This calculator checks the in-plane shear strength of a cast-in-place concrete diaphragm per ACI 318-19 Section 12.5.3. It computes nominal shear strength, applies the dimensional limit on cross-section selection, and flags whether the factored demand satisfies both code requirements.

  • Structural engineer — verify diaphragm shear capacity against a factored demand, with every ACI 318-19 12.5.3 term exposed for review and sign-off.
  • EOR / project engineer of record — confirm code compliance for both the strength check and the dimensional limit in a single traceable calculation that can be saved directly to a project file.
  • Graduate or checking engineer — follow the full ACI 318-19 procedure step by step, with the sqrt(f'c) cap and phi factor applied explicitly so nothing is missed in peer review.
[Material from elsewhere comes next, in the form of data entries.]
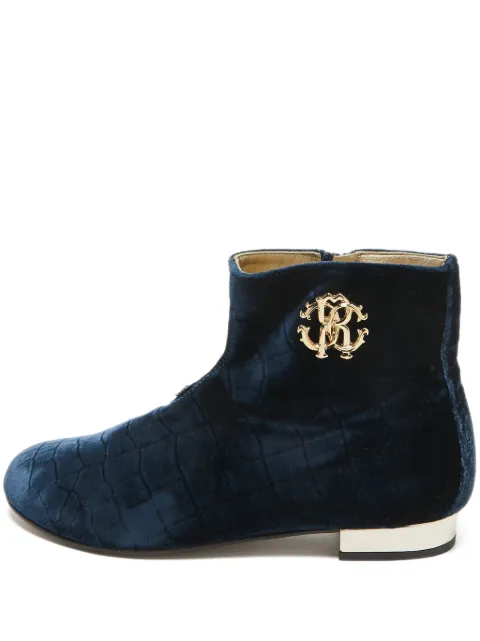 Roberto Cavalli Vintage crocodile-embossed boots Blue 1041944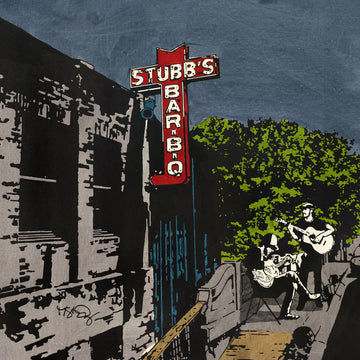 A screenprint of two guitar players outside Stubb's bbq; a famed Austin music venue.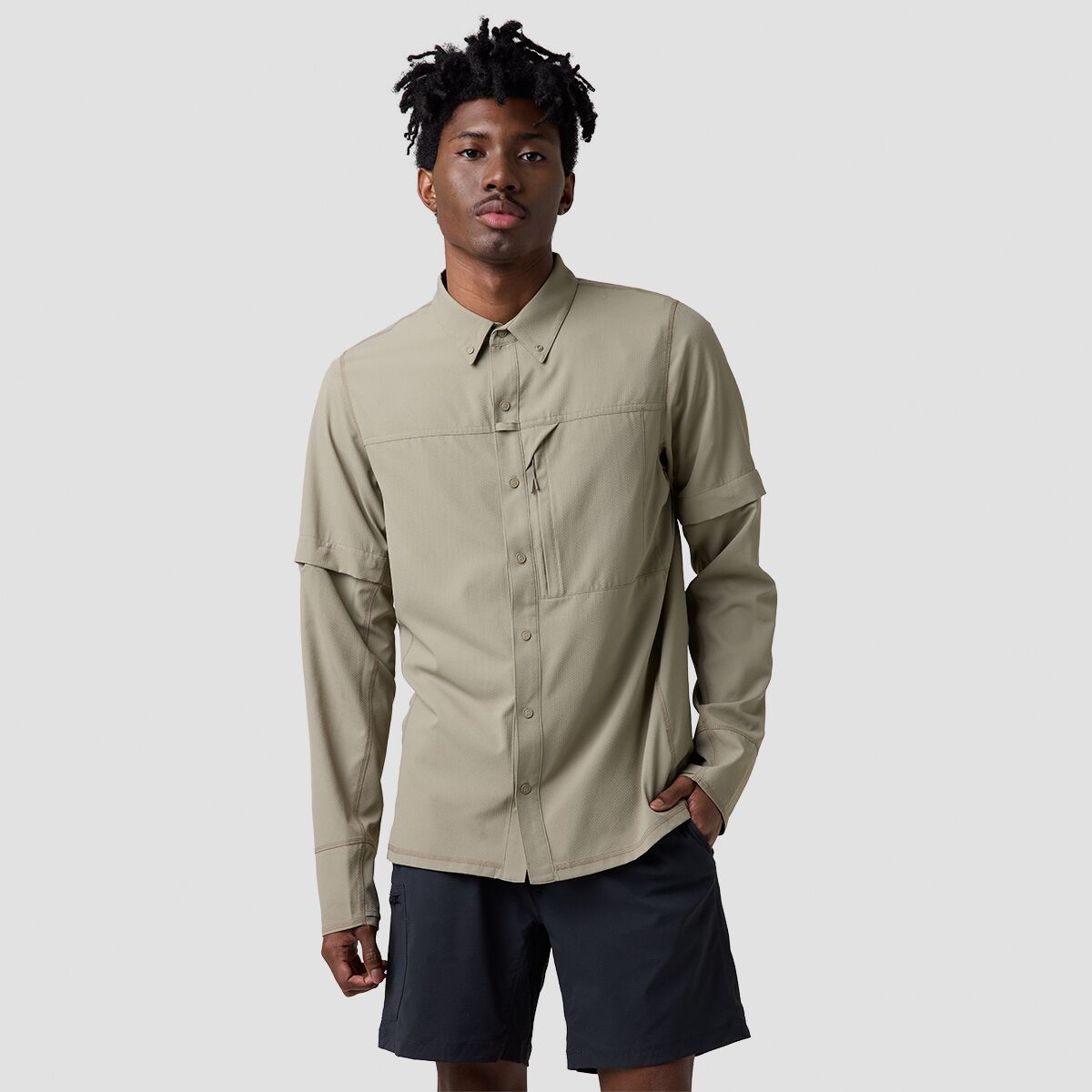 Backcountry Backcountry Men's BGA Tahoe Woven Convertible Snap-Up Shirt in Fallen Rock - Size: XXL - $44.50 at Steep and Cheap
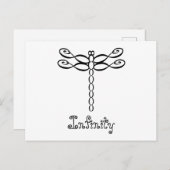 パーソナライズな無限トンボの黒のデザイン ポストカード (正面/裏面)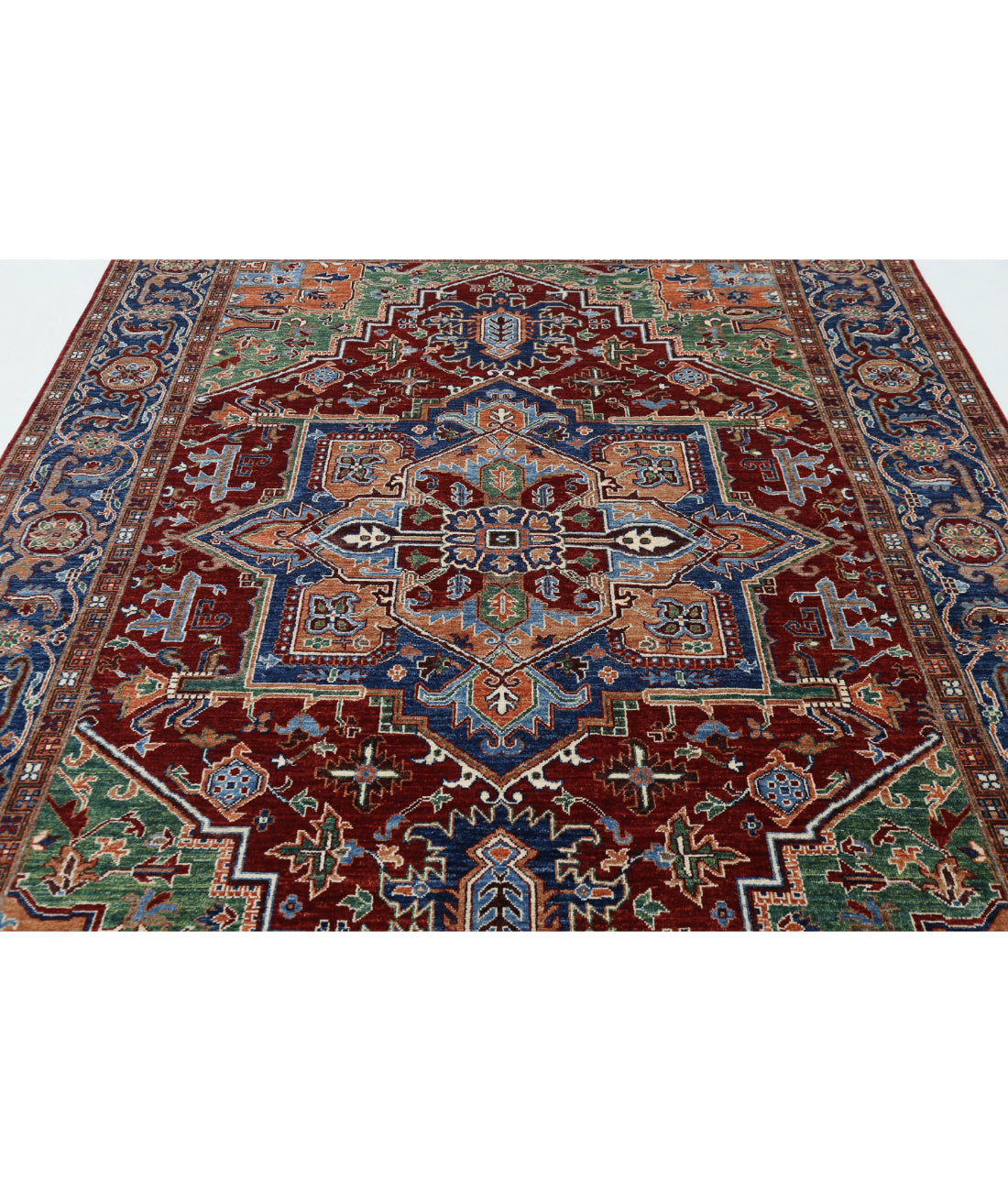 Heriz 6'9'' X 9'8'' Hand-Knotted Wool Rug 6'9'' x 9'8'' (203 X 290) / Red / Blue
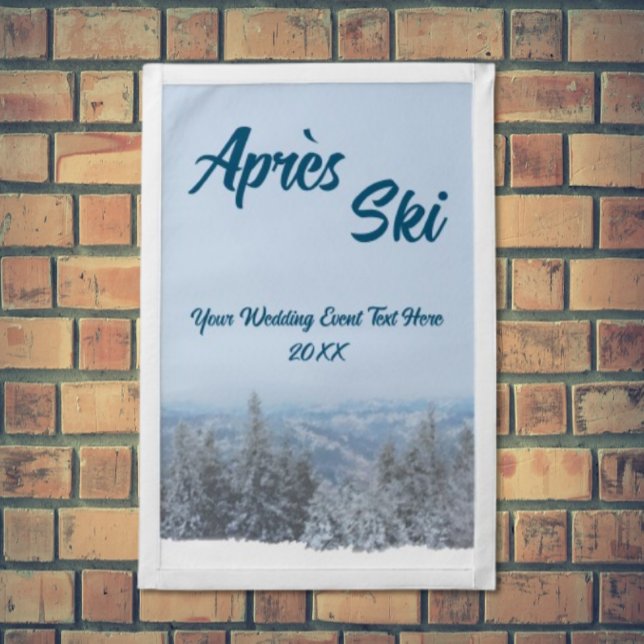 Snowy Mountain Forest Apres Ski Wedding Event Pennant (Creator Uploaded)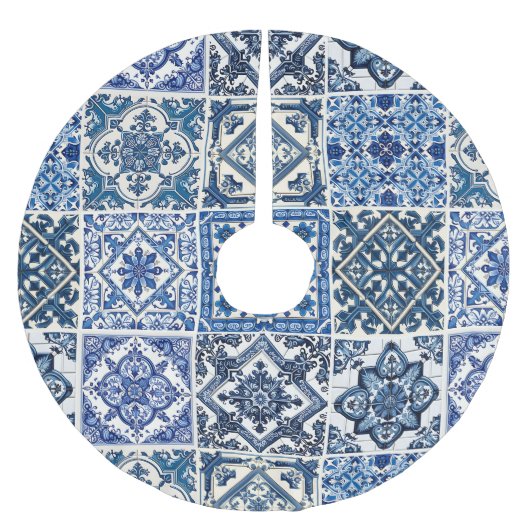 タイル地中海の，ポルトガル語， Azulejo, Majolica ブラッシュドポリエステルツリースカート (正面)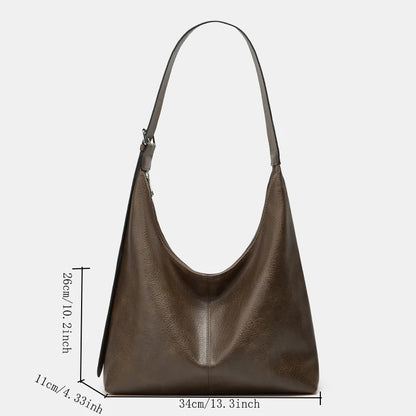Trendy Casual Soft Pu Women's Handbags Solid Color Large Capacity Female Shoulder Bag Retro Tote Bag for Commute Shopping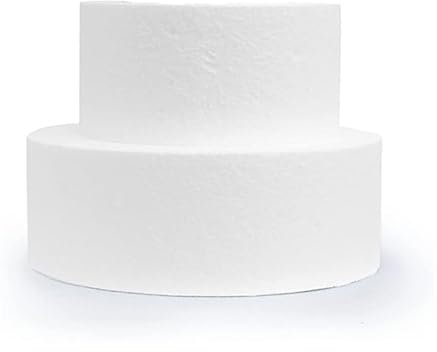 Basi tonde in polistirolo (2 pezzi) per torta a due piani in cake design e decorazioni creative. Misure Ø25xH20 Cm, Ø15xH20 Cm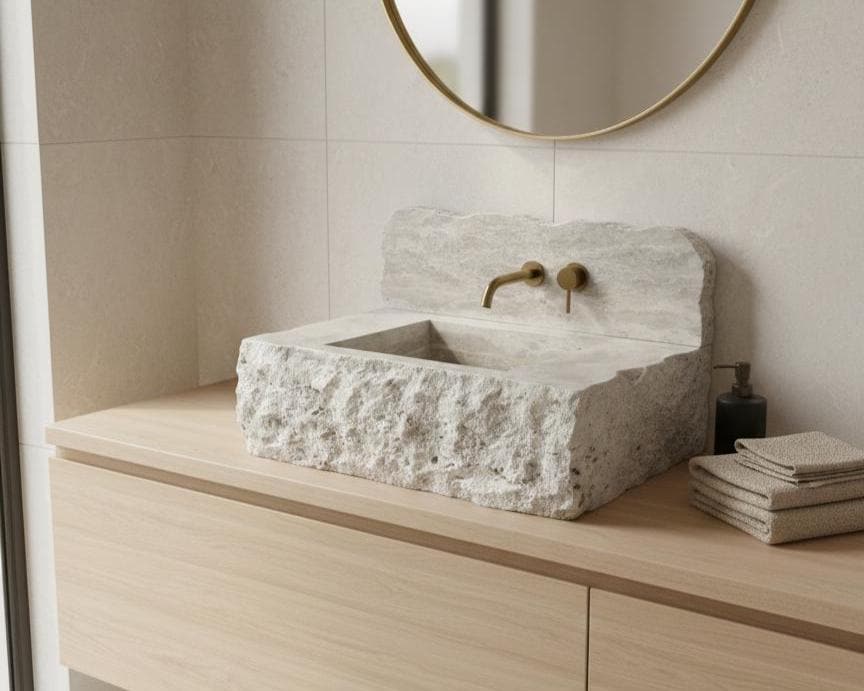 Travertine Sink with Backsplash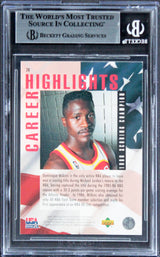 Hawks Dominique Wilkins Authentic Signed 1994 Upper Deck USA #74 Card BAS Slab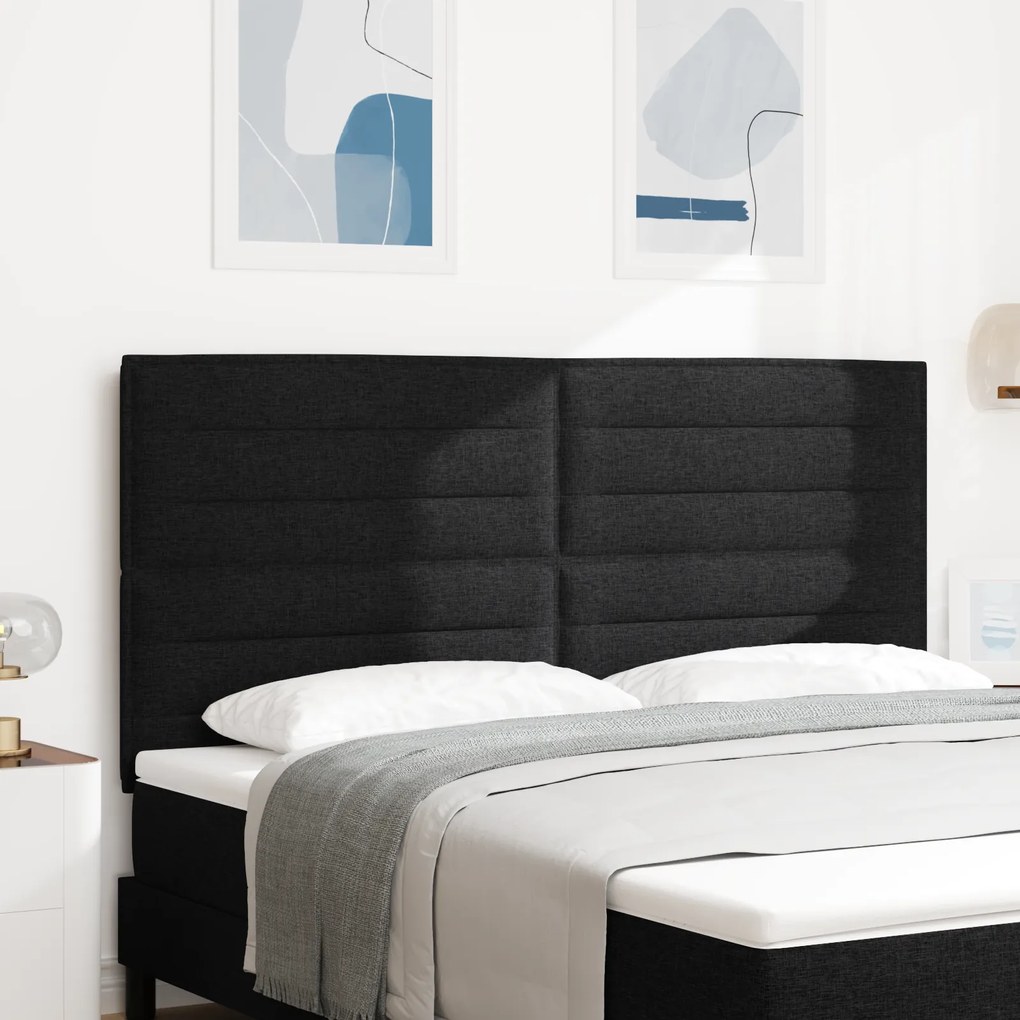 vidaXL Cabeceira com Design de Linhas Preto 90 cm Tecido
This is an engineering-grade calculator built on CalcTree, where you can audit every input and formula, adapt the template to your project, and keep it alongside your other structural calculations.

More info on ACI 318-19: Diaphragms — In-plane shear strength (12.5.3)

Inputs

The calculator takes seven inputs that fully define the diaphragm and its loading. The factored in-plane shear demand represents the design force the diaphragm must resist. The effective web area is the gross concrete area bounded by the diaphragm web thickness and depth, reduced where voids are present. The distributed reinforcement ratio describes the steel oriented parallel to the in-plane shear direction, and its yield strength defines the reinforcement contribution to resistance. Concrete compressive strength drives the concrete term in the nominal strength equation and the dimensional limit. The lightweight concrete modification factor adjusts the concrete contribution for lightweight or all-lightweight mixes. Finally, the strength reduction factor defaults to 0.75 per ACI 318-19 12.5.3.2 but can be set to a lower value where required by other code provisions.

Calculations and method

The calculator follows ACI 318-19 Section 12.5.3 for a diaphragm that is entirely cast-in-place. Nominal in-plane shear strength is calculated from Equation 12.5.3.3, combining a concrete term scaled by the lightweight factor and a reinforcement term proportional to the distributed steel ratio and its yield strength, both multiplied by the effective web area. The dimensional limit from Equation 12.5.3.4 sets an upper bound on cross-section capacity, independent of reinforcement, to prevent web crushing before yielding. A code-mandated cap of 100 psi is applied to the square root of the concrete compressive strength in both equations. The strength reduction factor is applied to both limits to produce design strengths for comparison against the factored demand.

Outputs and design checks

The calculator reports nominal strength, reduced strength, the dimensional limit, and the governing design strength, which is taken as the lesser of the two reduced values. A utilization ratio is computed as the factored demand divided by the governing design strength. Three traffic-light checks are presented: a strength check confirming the demand does not exceed the reduced nominal strength from 12.5.3.3, a dimensional check confirming the demand does not exceed the reduced limit from 12.5.3.4, and an overall check that passes only when both individual checks pass. All intermediate values are shown so the calculation is fully traceable for documentation and peer review.

Scope and limitations

This template applies strictly to diaphragms that are entirely cast-in-place. ACI 318-19 Section 12.5.3 provides separate provisions for composite topping slabs on precast elements and for non-composite topping slabs, which are not covered here. The template does not check collector design, chord reinforcement, or out-of-plane behavior. The user is responsible for selecting the correct effective web area, confirming the reinforcement ratio is computed for steel parallel to the shear direction, and applying a phi factor lower than 0.75 where seismic or other provisions require it.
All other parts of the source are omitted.